____ Data to use
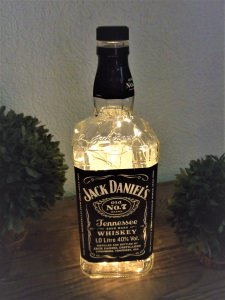 Jack Daniel´s Whiskey Flasche 1L beleuchtet mit 100 LED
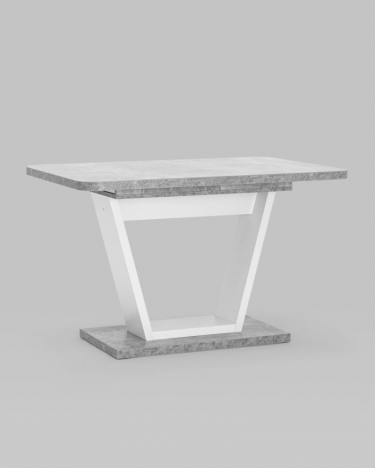 Стол раскладной Stool Group Vector 120-160 Бетон-белый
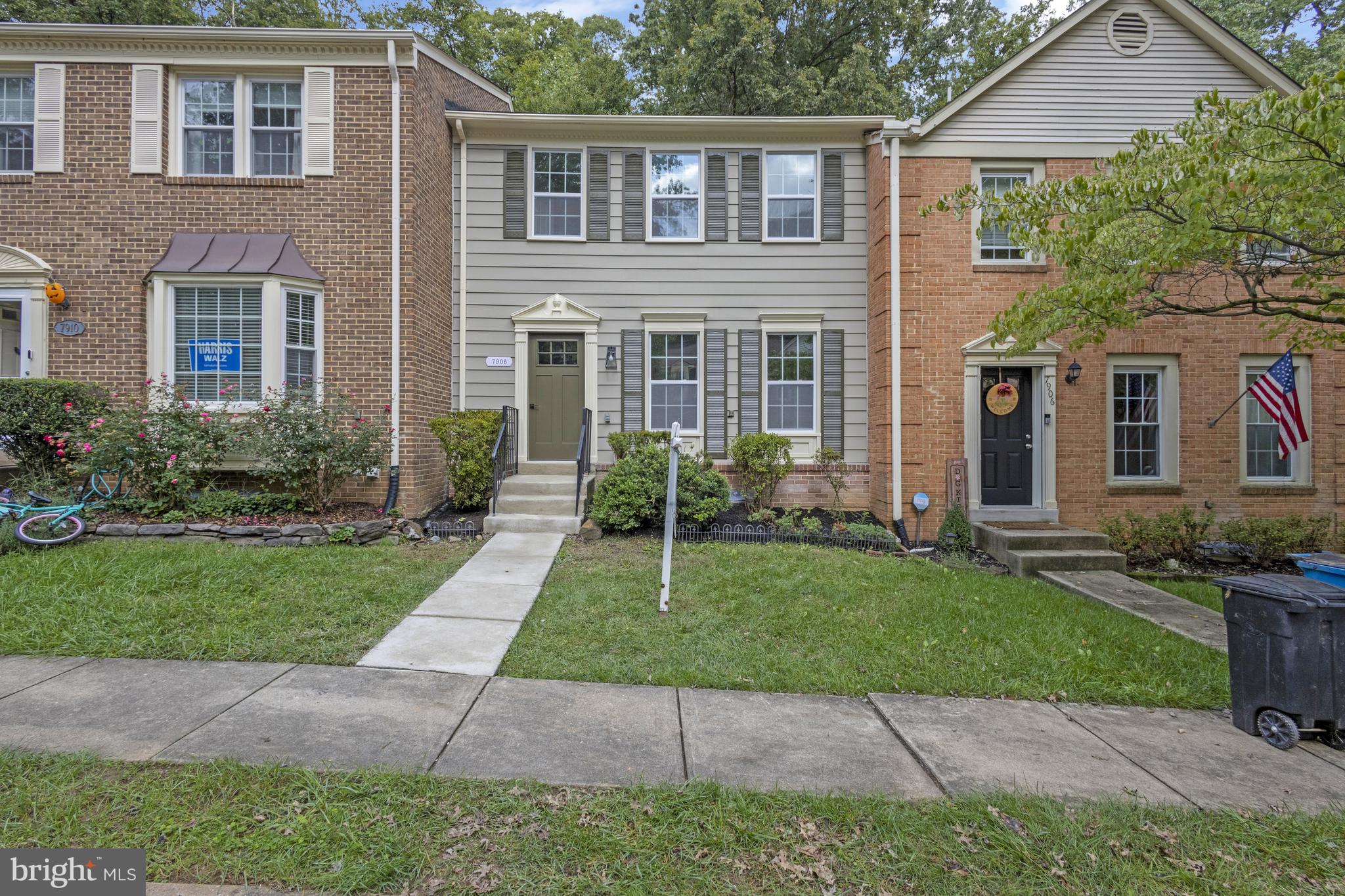 a house view with a garden space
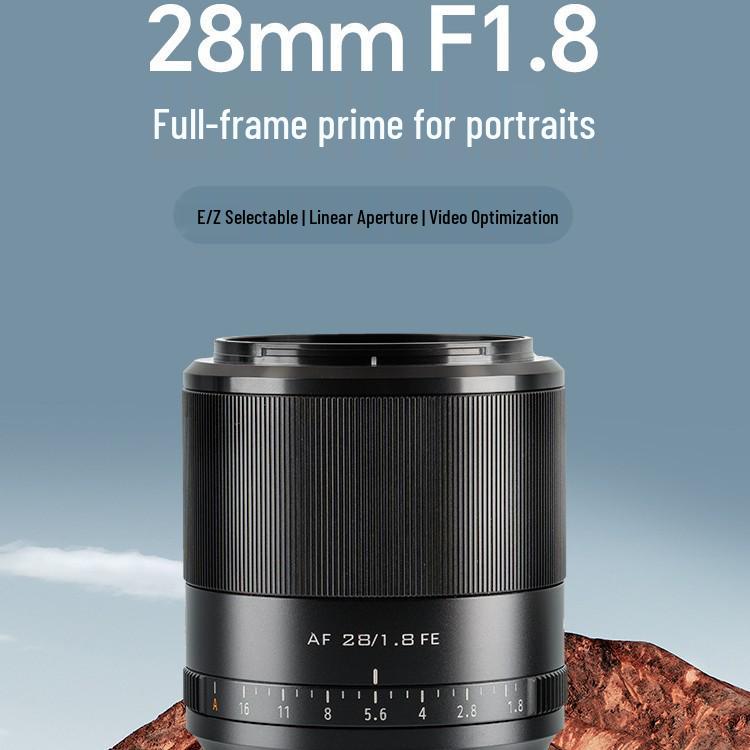 VILTROX 28mm F1.8 FE/Z Mount Полнокадровый Автофокусный Фикс-Объектив для Беззеркальных Камер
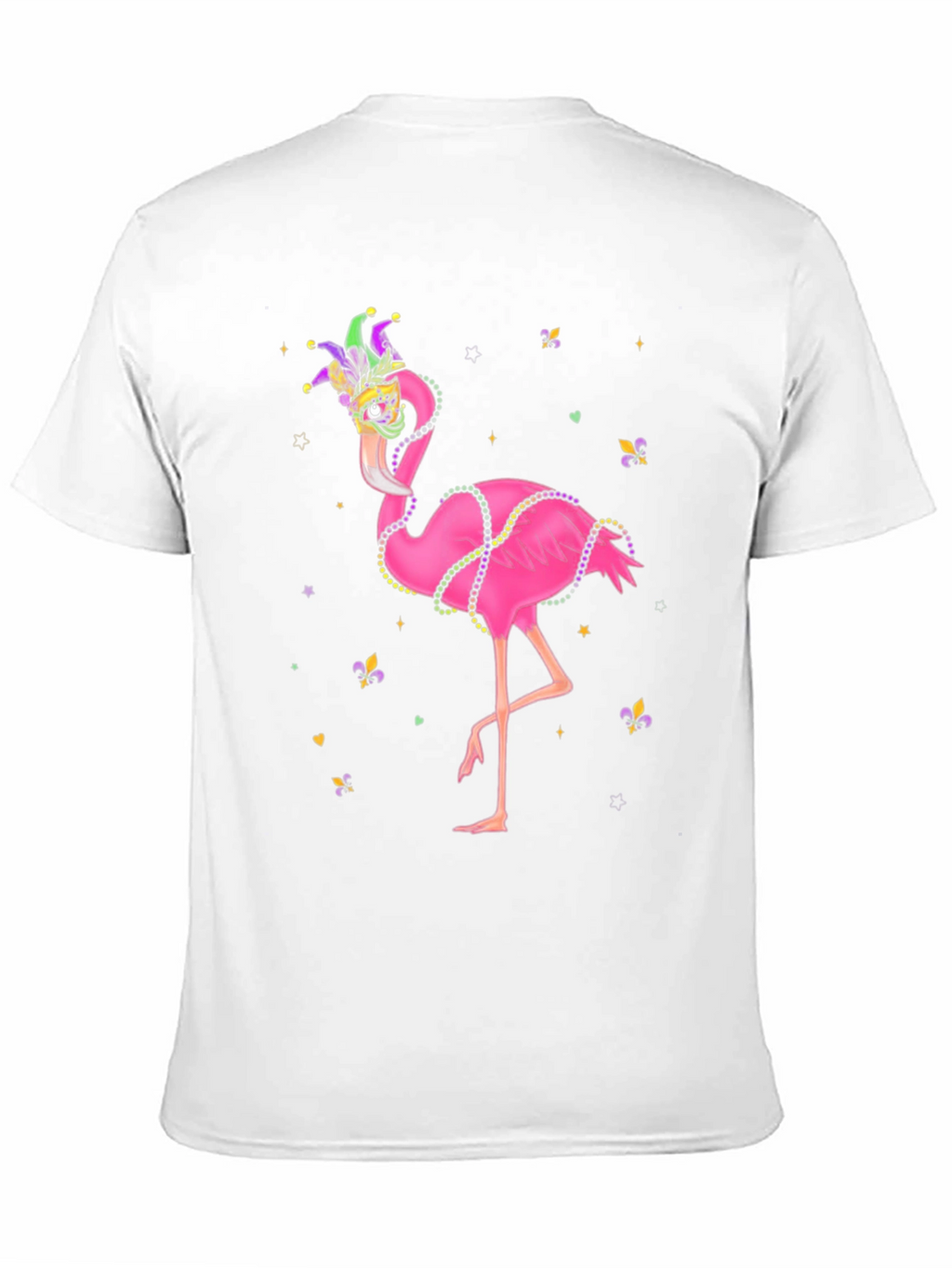 Mardi Gras Flamingo T-Shirt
________
### [Task objective]
Copy the records word for word, leaving no picture in the copy.

### [Response below]
 Jack Daniel´s Whiskey Flasche 1L beleuchtet mit 100 LED
 Стол раскладной Stool Group Vector 120-160 Бетон-белый
 a house view with a garden space
 VILTROX 28mm F1.8 FE/Z Mount Полнокадровый Автофокусный Фикс-Объектив для Беззеркальных Камер
 Mardi Gras Flamingo T-Shirt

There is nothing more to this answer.